Die Autoren der Streitschriften pflegten eine starke und sehr bildhafte Sprache. In einer Zeit, in der die Alphabetisierungsrate sehr niedrig lag, war es ein probates Mittel, den Gegner durch Beschimpfung wirksam und einprägsam zu charakterisieren und zu beschreiben, um so die eigene inhaltliche Argumentation zu verstärken. Die polemische Sprache ist auch als Ausdruck der starken inneren Beteiligung der Kontrahenten zu verstehen.
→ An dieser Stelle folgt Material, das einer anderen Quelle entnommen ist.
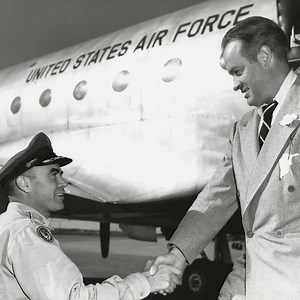 What Bob Hope knew in 1944 is still true today: Our men and women in uniform do so much for us, and we owe them our thanks. Sign the card to help us reach 50,000 patriotic Americans sending gratitude to our men and women in uniform before the month ends! | USO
An dieser Stelle werden einzelne Invektiven aus dem Schriftencorpus im Zitat nachgewiesen und erläutert.

Filcianer

Das müssen wir Gott befehlen, denn [den] es walten, vnd dieselben Flacianer sampt jrem Vater vnd Fürer Flacio jmer hin Flacianisiren vnd flattern lassen, bis sie des müde werden, vnd müssen dieselben vnbehawen Filcianer dennoch so viel daran setzen, wenn sie also on allen bescheid wider andere schreien wollen. (Wittenberger Studenten, Summa und kurzer Auszug aus den Actis synodicis (1560); unsere Ausgabe Bd. 2, S. 927,33–928,1)
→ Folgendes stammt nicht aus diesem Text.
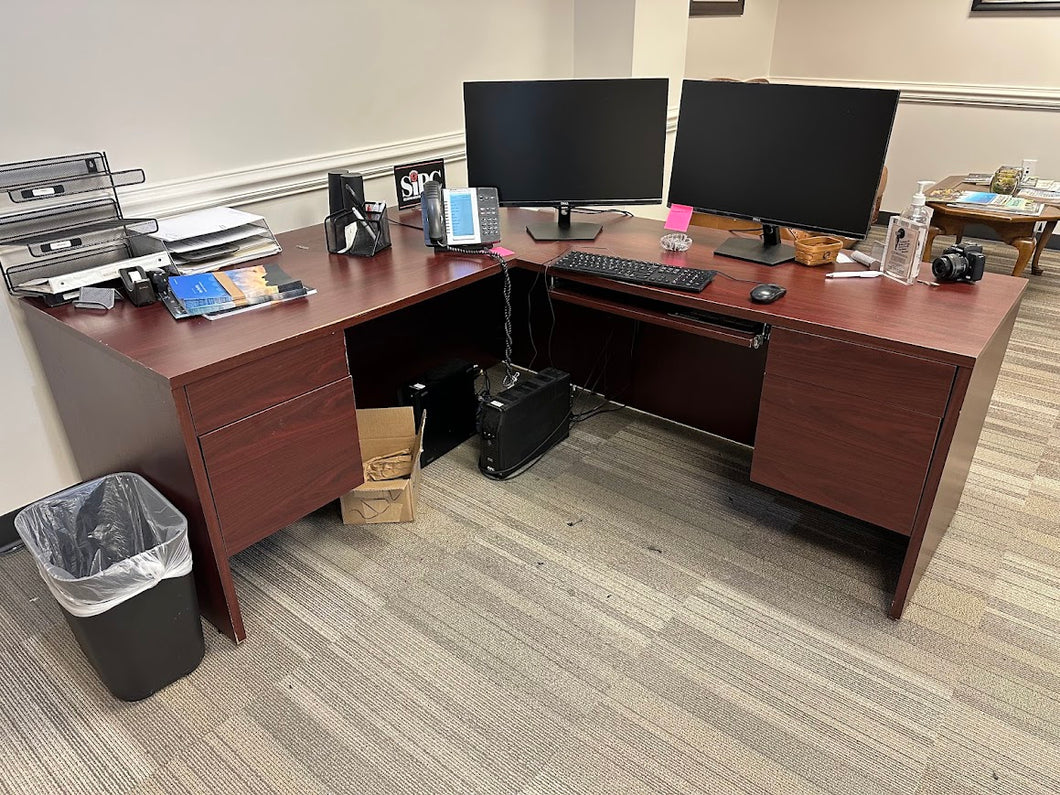 Executive L-Shaped Desk with File Drawers – 78x66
Die „Wittenberger Professoren“ veröffentlichten im Jahr 1559 eine umfangreiche Zusammenstellung von Aktenmaterial vom Ende der vierziger und dem Beginn der fünfziger Jahre des 16. Jahrhunderts. Damit wollte sie den Beweis antreten, dass die damals handelnden Politiker und Theologen in Kursachsen mit der Lehre von den Adiaphora durchaus nicht die evangelische Lehre verfälscht und das Andenken Luthers verraten hätten. Nikolaus Gallus und Matthias Flacius Illyricus publizierten daraufhin Streitschriften, in denen sie das Gegenteil behaupteten. Das Autorenkollektiv der „Wittenberger Studenten“ verteidigte daraufhin 1560 die Veröffentlichung der „Wittenberger Professoren“ gegen diese Angriffe.
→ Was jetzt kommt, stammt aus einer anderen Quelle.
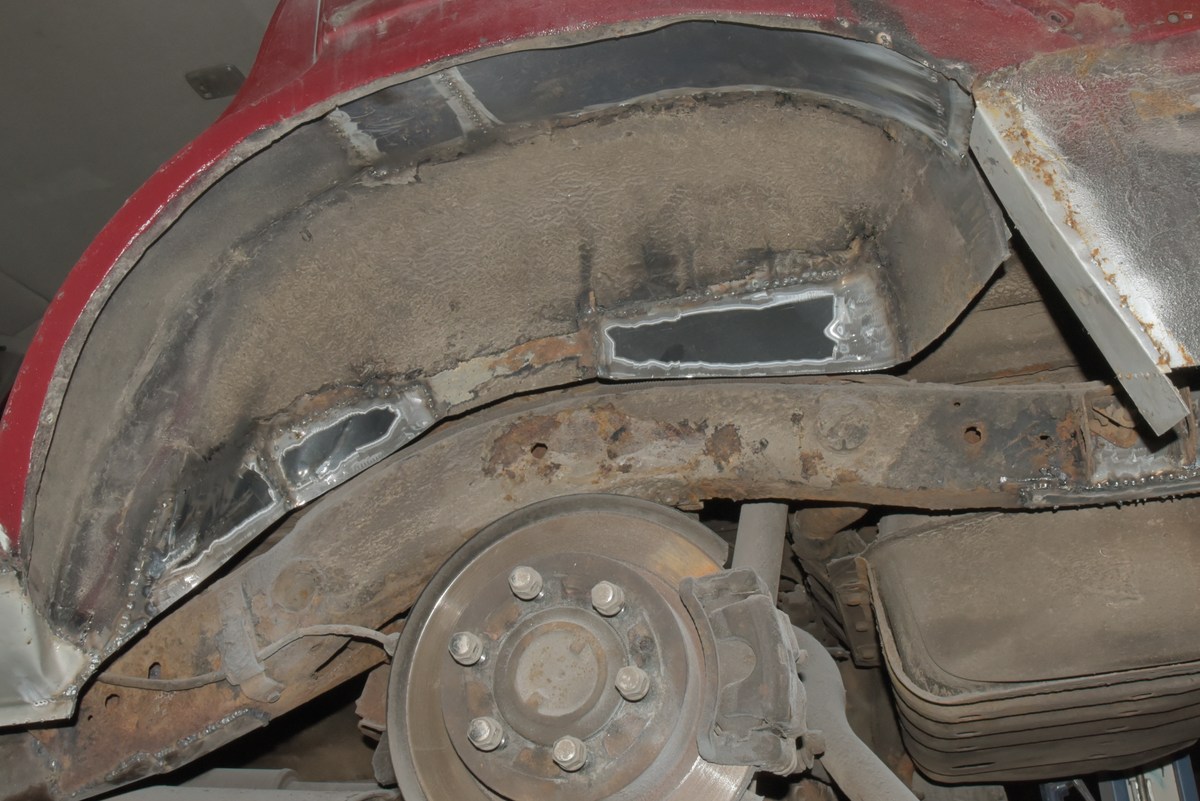  Ремонт одной красной машины.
Die „Wittenberger Studenten“ unterstellten in ihrer Verteidigung, dass die Anhänger des Flacius nach dessen Willen nur dessen Publikationen zur Kenntnis nehmen sollten. Die Veröffentlichung der „Wittenberger Professoren“ würden die „Flacianer“ darum selbst gar nicht lesen, sondern darüber nur durch die Brille ihres Anführers unterrichtet, weil sie nichts wissen und verstehen wollten. Im Anschluss daran folgt das gebotene Zitat mit der polemischen Untermauerung dieses Argumentationsgangs.

Es findet sich hier nämlich mit „Filcianer“ eine ironische Verbindung der Worte „Filz“ und „Flacianer“. Da die Kleidung von Bauern in der damaligen Zeit häufig aus rauem, grobem Filz bestand, wurden mit „Filz“ in einem übertragenen Sinn bäuerische, ungehobelte Grobiane bezeichnet. Indem die „Wittenberger Studenten“ die Begrifflichkeiten mischten, suchten sie Flacius und seine Mitstreiter als eben solche ungeschliffenen Kerle zu diskreditieren, die eine eingeschränkte Sicht auf die Welt besaßen, nichts verstanden und andere Ansichten nicht zur Kenntnis nahmen.